Defendant alleges in the motion that Plaintiffs E.S. and E.M., as well as G.T., fail to assert sufficient facts to withstand dismissal under Rule 12(b)(6). However, Plaintiff correctly points out that the Third Amended Complaint does not indicate that Plaintiffs E.S. and E.M. allege claims against Defendant Brian Martinez. See Doc. 284 at 3, and Third Amended Complaint, Doc. 196, Ex. 1.
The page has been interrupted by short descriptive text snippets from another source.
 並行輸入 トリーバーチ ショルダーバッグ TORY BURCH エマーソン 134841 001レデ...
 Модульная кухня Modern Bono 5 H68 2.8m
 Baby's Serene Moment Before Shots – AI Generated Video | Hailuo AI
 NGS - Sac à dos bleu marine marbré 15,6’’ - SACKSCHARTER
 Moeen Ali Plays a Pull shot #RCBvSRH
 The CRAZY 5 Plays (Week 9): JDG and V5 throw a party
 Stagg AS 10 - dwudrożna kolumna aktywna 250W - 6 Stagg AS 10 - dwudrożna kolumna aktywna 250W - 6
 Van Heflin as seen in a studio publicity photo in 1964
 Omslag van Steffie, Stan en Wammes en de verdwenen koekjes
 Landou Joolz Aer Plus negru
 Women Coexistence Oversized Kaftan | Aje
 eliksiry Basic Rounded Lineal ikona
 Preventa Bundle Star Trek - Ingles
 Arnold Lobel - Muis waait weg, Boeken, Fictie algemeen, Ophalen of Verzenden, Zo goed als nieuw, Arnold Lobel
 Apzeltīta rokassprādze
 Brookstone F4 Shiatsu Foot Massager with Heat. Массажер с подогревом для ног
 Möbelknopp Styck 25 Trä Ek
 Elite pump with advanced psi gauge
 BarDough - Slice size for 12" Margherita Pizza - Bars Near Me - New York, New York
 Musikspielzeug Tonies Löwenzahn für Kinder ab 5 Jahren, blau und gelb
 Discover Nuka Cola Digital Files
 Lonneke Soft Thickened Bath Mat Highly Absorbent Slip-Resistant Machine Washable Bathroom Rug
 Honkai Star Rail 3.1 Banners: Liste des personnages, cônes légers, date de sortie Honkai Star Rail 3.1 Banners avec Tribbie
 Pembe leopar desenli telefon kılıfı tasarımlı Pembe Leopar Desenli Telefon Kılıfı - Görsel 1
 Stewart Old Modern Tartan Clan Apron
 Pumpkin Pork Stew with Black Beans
Plaintiff exhorts the Court to "consider the context and full scope of the Third Amended complaint" in considering the motion. Doc. 284 at 3. However, in determining whether G.T.'s Fourth Amendment rights were violated, the only relevant facts are those concerning G.T. See U.S. v. Raines, 362 U.S. 17, 22 (1960); Cotner v. Campbell, 795 F.2d 900, 902 (10th Cir. 1986) (in an action under § 1983, "a litigant may only assert his own constitutional rights or immunities"). Therefore, in determining whether Plaintiff G.T. has asserted a Fourth Amendment claim against Defendant Martinez, while the Court considers the facts favorably to Plaintiff, facts which concern other Defendants or other Plaintiffs are not relevant here. B. Legal Standard

Plaintiff also requests that the Court deny the motion to dismiss, and in the alternative, convert the motion into a summary judgment motion and allow Plaintiff an opportunity to conduct limited discovery pursuant to Fed.R.Civ.P. 56(d). The alternative requested by Plaintiff is denied. The Court has already found Plaintiff's Rule 56(d) affidavit to be deficient. See Docs. 326 & 328. In addition, the Court finds there is no need to convert this motion into a summary judgment motion, thereby rendering Plaintiff's alternative request moot.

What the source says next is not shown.